[Records excerpted from a collection]

:::::

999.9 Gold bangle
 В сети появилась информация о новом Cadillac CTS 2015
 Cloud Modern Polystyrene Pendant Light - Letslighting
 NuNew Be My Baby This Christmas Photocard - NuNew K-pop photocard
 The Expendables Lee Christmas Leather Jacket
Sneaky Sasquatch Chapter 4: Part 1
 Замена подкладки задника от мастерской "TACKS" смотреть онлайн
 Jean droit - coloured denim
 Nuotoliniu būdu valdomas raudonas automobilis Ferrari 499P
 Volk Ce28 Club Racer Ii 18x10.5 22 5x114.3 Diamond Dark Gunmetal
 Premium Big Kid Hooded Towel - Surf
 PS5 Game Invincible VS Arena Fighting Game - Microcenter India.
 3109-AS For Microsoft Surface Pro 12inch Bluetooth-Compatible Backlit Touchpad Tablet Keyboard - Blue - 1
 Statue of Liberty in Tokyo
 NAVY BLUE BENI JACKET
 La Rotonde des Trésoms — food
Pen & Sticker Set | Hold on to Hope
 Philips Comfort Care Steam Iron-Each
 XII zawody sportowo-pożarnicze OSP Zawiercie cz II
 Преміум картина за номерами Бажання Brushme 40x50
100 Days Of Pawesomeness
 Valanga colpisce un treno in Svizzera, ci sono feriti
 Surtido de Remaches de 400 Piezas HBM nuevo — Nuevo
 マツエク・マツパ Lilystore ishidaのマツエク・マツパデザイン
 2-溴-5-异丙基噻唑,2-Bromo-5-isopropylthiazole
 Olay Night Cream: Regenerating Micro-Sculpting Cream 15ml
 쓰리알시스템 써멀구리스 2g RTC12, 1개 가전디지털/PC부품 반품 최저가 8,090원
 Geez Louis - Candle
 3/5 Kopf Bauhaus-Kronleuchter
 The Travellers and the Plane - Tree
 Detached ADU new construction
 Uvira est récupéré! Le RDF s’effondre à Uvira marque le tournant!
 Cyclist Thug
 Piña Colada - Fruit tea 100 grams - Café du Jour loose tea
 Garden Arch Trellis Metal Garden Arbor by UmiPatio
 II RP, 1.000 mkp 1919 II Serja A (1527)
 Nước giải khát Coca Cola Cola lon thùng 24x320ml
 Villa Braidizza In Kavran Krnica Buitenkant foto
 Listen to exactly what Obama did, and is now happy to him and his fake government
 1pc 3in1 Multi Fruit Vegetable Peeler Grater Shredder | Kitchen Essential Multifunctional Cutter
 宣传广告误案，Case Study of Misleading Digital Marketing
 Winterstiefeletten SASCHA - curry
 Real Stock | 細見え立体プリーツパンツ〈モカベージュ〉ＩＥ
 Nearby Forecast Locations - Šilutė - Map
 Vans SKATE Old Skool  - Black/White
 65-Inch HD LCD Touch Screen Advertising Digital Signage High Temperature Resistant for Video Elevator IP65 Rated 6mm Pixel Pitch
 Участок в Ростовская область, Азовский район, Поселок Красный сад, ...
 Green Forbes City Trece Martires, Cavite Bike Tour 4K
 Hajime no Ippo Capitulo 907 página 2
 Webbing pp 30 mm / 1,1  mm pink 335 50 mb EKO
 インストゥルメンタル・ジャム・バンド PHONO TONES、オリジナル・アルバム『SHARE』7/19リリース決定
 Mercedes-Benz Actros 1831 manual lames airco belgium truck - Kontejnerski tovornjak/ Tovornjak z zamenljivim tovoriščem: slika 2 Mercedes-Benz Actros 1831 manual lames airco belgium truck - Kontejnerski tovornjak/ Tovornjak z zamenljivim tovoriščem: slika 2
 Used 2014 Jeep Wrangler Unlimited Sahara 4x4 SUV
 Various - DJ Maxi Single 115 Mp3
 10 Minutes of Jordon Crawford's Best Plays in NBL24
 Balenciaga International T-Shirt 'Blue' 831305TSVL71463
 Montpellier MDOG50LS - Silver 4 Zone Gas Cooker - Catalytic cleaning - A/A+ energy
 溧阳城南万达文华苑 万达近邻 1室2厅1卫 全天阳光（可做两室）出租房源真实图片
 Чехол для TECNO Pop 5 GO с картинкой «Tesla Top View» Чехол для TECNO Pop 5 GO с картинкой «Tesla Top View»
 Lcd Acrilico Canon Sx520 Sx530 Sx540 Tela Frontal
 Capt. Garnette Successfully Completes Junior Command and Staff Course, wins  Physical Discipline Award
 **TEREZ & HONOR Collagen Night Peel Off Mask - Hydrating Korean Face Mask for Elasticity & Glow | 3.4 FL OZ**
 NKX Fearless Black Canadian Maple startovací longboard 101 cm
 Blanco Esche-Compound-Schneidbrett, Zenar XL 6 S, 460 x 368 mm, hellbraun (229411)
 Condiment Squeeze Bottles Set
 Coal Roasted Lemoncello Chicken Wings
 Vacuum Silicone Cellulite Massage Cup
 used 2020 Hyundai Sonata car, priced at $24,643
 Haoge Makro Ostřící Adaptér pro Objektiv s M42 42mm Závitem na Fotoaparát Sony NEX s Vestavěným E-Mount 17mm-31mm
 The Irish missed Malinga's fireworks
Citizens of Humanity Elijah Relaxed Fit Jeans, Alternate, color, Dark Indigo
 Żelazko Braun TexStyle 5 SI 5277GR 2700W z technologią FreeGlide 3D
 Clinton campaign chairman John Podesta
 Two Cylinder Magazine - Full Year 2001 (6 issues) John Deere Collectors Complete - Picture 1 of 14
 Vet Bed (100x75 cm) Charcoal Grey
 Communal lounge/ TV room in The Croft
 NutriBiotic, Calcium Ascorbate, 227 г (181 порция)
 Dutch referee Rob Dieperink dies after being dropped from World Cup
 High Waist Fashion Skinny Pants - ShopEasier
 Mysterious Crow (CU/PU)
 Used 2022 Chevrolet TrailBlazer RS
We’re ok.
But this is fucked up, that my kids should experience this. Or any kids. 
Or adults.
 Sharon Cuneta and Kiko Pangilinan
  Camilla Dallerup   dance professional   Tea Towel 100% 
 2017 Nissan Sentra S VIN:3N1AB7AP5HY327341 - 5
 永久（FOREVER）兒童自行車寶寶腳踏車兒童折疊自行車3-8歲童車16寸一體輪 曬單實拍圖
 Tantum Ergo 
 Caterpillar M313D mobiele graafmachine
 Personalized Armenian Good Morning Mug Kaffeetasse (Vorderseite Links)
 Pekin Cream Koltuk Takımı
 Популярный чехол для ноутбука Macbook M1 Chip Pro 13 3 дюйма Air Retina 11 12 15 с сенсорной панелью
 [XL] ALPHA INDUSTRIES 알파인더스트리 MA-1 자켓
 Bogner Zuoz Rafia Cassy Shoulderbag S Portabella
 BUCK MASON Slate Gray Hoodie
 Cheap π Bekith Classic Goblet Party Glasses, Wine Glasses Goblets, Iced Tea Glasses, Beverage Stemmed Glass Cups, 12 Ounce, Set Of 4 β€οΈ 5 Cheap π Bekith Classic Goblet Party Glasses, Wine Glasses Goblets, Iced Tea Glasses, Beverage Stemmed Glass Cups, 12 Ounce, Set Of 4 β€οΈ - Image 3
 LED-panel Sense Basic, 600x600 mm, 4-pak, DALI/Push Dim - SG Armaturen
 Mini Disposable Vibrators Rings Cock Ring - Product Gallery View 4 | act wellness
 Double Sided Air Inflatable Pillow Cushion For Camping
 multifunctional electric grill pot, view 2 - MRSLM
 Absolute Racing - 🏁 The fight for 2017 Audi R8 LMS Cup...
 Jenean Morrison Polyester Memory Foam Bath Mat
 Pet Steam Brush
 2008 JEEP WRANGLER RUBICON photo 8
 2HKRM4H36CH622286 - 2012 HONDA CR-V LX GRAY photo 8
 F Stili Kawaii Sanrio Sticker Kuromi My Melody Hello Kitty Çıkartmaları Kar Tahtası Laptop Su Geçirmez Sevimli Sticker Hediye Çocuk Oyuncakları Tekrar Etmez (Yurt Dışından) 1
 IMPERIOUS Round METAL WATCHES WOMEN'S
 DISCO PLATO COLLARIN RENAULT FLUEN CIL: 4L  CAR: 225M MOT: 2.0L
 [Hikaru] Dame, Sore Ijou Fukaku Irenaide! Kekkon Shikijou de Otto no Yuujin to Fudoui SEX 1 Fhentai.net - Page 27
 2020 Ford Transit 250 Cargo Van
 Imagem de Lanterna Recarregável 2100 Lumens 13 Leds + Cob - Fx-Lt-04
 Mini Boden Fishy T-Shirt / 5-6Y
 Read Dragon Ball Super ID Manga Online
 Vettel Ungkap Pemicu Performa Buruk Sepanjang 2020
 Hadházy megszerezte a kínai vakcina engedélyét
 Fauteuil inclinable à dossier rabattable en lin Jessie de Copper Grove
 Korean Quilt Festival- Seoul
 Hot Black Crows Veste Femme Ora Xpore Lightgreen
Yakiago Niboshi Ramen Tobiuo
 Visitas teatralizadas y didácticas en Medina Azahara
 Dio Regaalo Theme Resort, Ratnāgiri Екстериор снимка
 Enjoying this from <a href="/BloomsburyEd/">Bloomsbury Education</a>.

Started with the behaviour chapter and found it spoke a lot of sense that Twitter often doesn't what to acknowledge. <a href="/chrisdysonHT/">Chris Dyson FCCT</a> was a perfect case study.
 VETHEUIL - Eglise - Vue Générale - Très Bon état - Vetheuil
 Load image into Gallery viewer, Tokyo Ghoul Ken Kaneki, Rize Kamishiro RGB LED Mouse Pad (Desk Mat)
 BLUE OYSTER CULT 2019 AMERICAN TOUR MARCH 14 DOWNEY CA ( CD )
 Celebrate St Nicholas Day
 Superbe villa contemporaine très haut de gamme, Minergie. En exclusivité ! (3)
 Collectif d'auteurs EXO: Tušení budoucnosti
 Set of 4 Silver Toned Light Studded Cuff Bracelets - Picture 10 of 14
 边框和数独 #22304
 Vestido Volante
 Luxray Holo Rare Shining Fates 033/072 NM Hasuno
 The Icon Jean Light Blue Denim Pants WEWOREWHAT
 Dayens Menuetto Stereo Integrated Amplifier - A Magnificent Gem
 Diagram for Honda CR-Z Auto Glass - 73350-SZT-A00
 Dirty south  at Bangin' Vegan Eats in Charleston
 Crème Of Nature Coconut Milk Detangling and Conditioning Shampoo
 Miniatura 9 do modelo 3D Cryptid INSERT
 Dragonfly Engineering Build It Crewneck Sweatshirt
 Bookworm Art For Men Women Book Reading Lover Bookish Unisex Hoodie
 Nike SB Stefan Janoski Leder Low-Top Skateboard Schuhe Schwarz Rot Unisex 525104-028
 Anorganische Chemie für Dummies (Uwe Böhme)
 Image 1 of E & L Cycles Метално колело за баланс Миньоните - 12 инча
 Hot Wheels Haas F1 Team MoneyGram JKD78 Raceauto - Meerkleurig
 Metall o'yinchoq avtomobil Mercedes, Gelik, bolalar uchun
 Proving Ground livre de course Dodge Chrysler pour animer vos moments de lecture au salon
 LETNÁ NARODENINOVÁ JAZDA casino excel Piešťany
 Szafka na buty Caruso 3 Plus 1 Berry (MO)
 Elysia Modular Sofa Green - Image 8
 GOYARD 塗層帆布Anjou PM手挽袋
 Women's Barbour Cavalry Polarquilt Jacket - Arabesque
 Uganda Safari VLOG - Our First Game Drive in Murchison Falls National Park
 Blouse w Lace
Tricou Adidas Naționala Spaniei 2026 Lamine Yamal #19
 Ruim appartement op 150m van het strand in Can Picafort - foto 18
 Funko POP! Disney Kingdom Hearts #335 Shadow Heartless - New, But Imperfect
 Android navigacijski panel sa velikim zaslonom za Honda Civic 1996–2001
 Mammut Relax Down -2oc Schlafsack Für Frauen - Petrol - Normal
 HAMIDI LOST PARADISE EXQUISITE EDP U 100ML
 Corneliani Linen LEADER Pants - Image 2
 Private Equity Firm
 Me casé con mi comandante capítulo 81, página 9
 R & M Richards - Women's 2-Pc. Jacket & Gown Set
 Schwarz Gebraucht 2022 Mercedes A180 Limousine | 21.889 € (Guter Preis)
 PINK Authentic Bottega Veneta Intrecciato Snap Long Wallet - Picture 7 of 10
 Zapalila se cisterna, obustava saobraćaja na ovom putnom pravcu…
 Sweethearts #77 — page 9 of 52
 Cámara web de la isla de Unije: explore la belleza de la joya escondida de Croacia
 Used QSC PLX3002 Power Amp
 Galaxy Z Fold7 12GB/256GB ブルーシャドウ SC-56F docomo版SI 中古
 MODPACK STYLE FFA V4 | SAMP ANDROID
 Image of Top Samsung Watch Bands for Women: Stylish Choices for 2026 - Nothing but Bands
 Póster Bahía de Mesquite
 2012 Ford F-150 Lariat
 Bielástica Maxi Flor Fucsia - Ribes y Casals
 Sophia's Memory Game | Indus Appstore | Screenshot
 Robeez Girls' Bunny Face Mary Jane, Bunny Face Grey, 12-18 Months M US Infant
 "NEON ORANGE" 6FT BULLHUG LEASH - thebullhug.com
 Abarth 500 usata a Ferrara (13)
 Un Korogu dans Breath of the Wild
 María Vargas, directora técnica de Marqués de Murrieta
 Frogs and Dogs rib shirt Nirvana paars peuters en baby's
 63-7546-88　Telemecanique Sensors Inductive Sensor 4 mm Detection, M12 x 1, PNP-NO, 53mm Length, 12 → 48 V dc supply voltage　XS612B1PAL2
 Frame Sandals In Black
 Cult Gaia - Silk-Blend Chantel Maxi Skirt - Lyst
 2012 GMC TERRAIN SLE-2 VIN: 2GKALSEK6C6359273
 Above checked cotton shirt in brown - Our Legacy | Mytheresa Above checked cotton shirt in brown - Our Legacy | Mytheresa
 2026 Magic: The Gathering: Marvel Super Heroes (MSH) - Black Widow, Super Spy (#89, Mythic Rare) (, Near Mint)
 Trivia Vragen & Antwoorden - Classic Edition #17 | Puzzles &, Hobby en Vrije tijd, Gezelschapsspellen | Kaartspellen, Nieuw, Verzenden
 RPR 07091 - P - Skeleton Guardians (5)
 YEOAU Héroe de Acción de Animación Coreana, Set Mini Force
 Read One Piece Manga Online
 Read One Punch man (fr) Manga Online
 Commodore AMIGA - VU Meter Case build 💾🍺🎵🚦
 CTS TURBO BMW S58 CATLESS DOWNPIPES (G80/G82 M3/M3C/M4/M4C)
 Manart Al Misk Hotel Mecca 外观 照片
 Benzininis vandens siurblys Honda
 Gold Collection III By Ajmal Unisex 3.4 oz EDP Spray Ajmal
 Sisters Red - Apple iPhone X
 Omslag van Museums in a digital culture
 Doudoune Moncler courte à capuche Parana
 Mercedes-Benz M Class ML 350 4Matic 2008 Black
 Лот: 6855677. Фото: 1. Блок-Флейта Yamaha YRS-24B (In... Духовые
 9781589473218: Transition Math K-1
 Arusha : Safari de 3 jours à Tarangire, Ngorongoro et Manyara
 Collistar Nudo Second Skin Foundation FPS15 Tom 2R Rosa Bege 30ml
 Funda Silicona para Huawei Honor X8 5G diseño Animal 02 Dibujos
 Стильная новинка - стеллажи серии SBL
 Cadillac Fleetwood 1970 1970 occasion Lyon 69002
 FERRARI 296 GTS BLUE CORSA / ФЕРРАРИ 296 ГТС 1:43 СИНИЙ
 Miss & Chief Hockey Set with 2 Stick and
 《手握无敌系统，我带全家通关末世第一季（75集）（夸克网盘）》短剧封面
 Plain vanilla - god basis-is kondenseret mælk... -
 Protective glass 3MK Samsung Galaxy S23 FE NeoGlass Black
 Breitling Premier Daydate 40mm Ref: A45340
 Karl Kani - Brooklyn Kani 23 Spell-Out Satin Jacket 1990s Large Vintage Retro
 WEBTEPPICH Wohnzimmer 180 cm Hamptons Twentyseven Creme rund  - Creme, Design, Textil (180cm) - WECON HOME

:::::

■ TASK GOAL ■
Copy exactly the stretch of data above from the line with "Vet Bed (100x75 cm) Charcoal Grey" through the line with "Absolute Racing - 🏁", and omit all other lines.

■ RESULT OF THE EXERCISE ■
 Vet Bed (100x75 cm) Charcoal Grey
 Communal lounge/ TV room in The Croft
 NutriBiotic, Calcium Ascorbate, 227 г (181 порция)
 Dutch referee Rob Dieperink dies after being dropped from World Cup
 High Waist Fashion Skinny Pants - ShopEasier
 Mysterious Crow (CU/PU)
 Used 2022 Chevrolet TrailBlazer RS
We’re ok.
But this is fucked up, that my kids should experience this. Or any kids. 
Or adults.
 Sharon Cuneta and Kiko Pangilinan
  Camilla Dallerup   dance professional   Tea Towel 100% 
 2017 Nissan Sentra S VIN:3N1AB7AP5HY327341 - 5
 永久（FOREVER）兒童自行車寶寶腳踏車兒童折疊自行車3-8歲童車16寸一體輪 曬單實拍圖
 Tantum Ergo 
 Caterpillar M313D mobiele graafmachine
 Personalized Armenian Good Morning Mug Kaffeetasse (Vorderseite Links)
 Pekin Cream Koltuk Takımı
 Популярный чехол для ноутбука Macbook M1 Chip Pro 13 3 дюйма Air Retina 11 12 15 с сенсорной панелью
 [XL] ALPHA INDUSTRIES 알파인더스트리 MA-1 자켓
 Bogner Zuoz Rafia Cassy Shoulderbag S Portabella
 BUCK MASON Slate Gray Hoodie
 Cheap π Bekith Classic Goblet Party Glasses, Wine Glasses Goblets, Iced Tea Glasses, Beverage Stemmed Glass Cups, 12 Ounce, Set Of 4 β€οΈ 5 Cheap π Bekith Classic Goblet Party Glasses, Wine Glasses Goblets, Iced Tea Glasses, Beverage Stemmed Glass Cups, 12 Ounce, Set Of 4 β€οΈ - Image 3
 LED-panel Sense Basic, 600x600 mm, 4-pak, DALI/Push Dim - SG Armaturen
 Mini Disposable Vibrators Rings Cock Ring - Product Gallery View 4 | act wellness
 Double Sided Air Inflatable Pillow Cushion For Camping
 multifunctional electric grill pot, view 2 - MRSLM
 Absolute Racing - 🏁 The fight for 2017 Audi R8 LMS Cup...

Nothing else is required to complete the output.